▶ [Work task]
Output all records below verbatim.

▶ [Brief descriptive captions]
++++++++++
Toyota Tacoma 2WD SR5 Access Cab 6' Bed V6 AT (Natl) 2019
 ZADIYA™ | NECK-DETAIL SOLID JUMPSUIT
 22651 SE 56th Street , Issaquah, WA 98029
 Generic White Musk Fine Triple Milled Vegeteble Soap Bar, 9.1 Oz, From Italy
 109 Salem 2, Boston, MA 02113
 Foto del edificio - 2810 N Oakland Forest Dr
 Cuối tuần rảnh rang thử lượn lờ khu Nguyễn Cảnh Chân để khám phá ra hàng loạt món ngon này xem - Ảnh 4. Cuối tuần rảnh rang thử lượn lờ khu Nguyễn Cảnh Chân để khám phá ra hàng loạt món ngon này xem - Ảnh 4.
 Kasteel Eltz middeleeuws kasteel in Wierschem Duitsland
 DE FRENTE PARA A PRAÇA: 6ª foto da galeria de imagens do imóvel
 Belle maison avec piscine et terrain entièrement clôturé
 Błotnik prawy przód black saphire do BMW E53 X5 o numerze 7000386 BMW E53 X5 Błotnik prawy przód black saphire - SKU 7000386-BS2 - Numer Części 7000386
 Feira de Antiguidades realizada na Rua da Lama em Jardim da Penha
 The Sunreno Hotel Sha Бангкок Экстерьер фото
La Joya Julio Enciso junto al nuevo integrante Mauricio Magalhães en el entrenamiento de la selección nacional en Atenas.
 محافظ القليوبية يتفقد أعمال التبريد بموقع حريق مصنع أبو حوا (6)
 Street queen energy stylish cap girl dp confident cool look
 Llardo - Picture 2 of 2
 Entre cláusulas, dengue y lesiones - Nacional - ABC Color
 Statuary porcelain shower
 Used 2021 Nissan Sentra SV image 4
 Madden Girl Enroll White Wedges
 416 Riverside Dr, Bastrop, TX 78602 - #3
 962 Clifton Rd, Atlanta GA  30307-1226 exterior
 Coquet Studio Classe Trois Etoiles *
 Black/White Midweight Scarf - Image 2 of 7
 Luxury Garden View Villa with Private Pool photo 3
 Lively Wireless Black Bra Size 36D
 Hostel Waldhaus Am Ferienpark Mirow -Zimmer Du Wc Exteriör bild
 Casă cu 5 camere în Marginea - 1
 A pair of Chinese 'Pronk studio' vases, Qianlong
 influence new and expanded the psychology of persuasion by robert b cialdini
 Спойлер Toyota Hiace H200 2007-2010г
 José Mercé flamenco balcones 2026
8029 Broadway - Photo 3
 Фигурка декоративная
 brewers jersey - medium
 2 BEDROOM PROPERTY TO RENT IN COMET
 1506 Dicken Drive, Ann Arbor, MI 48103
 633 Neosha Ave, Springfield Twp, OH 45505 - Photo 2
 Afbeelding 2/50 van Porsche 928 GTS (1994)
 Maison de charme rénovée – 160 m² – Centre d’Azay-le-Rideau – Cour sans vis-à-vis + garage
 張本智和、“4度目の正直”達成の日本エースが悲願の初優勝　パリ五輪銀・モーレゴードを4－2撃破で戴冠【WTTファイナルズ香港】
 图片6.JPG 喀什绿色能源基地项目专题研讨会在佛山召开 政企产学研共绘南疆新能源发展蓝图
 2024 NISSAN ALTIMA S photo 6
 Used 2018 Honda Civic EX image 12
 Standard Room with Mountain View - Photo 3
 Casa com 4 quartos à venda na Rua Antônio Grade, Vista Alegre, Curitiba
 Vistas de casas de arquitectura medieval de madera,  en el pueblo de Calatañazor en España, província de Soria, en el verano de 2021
++++++++++
▶ [Answer to the problem]
Toyota Tacoma 2WD SR5 Access Cab 6' Bed V6 AT (Natl) 2019
 ZADIYA™ | NECK-DETAIL SOLID JUMPSUIT
 22651 SE 56th Street , Issaquah, WA 98029
 Generic White Musk Fine Triple Milled Vegeteble Soap Bar, 9.1 Oz, From Italy
 109 Salem 2, Boston, MA 02113
 Foto del edificio - 2810 N Oakland Forest Dr
 Cuối tuần rảnh rang thử lượn lờ khu Nguyễn Cảnh Chân để khám phá ra hàng loạt món ngon này xem - Ảnh 4. Cuối tuần rảnh rang thử lượn lờ khu Nguyễn Cảnh Chân để khám phá ra hàng loạt món ngon này xem - Ảnh 4.
 Kasteel Eltz middeleeuws kasteel in Wierschem Duitsland
 DE FRENTE PARA A PRAÇA: 6ª foto da galeria de imagens do imóvel
 Belle maison avec piscine et terrain entièrement clôturé
 Błotnik prawy przód black saphire do BMW E53 X5 o numerze 7000386 BMW E53 X5 Błotnik prawy przód black saphire - SKU 7000386-BS2 - Numer Części 7000386
 Feira de Antiguidades realizada na Rua da Lama em Jardim da Penha
 The Sunreno Hotel Sha Бангкок Экстерьер фото
La Joya Julio Enciso junto al nuevo integrante Mauricio Magalhães en el entrenamiento de la selección nacional en Atenas.
 محافظ القليوبية يتفقد أعمال التبريد بموقع حريق مصنع أبو حوا (6)
 Street queen energy stylish cap girl dp confident cool look
 Llardo - Picture 2 of 2
 Entre cláusulas, dengue y lesiones - Nacional - ABC Color
 Statuary porcelain shower
 Used 2021 Nissan Sentra SV image 4
 Madden Girl Enroll White Wedges
 416 Riverside Dr, Bastrop, TX 78602 - #3
 962 Clifton Rd, Atlanta GA  30307-1226 exterior
 Coquet Studio Classe Trois Etoiles *
 Black/White Midweight Scarf - Image 2 of 7
 Luxury Garden View Villa with Private Pool photo 3
 Lively Wireless Black Bra Size 36D
 Hostel Waldhaus Am Ferienpark Mirow -Zimmer Du Wc Exteriör bild
 Casă cu 5 camere în Marginea - 1
 A pair of Chinese 'Pronk studio' vases, Qianlong
 influence new and expanded the psychology of persuasion by robert b cialdini
 Спойлер Toyota Hiace H200 2007-2010г
 José Mercé flamenco balcones 2026
8029 Broadway - Photo 3
 Фигурка декоративная
 brewers jersey - medium
 2 BEDROOM PROPERTY TO RENT IN COMET
 1506 Dicken Drive, Ann Arbor, MI 48103
 633 Neosha Ave, Springfield Twp, OH 45505 - Photo 2
 Afbeelding 2/50 van Porsche 928 GTS (1994)
 Maison de charme rénovée – 160 m² – Centre d’Azay-le-Rideau – Cour sans vis-à-vis + garage
 張本智和、“4度目の正直”達成の日本エースが悲願の初優勝　パリ五輪銀・モーレゴードを4－2撃破で戴冠【WTTファイナルズ香港】
 图片6.JPG 喀什绿色能源基地项目专题研讨会在佛山召开 政企产学研共绘南疆新能源发展蓝图
 2024 NISSAN ALTIMA S photo 6
 Used 2018 Honda Civic EX image 12
 Standard Room with Mountain View - Photo 3
 Casa com 4 quartos à venda na Rua Antônio Grade, Vista Alegre, Curitiba
 Vistas de casas de arquitectura medieval de madera,  en el pueblo de Calatañazor en España, província de Soria, en el verano de 2021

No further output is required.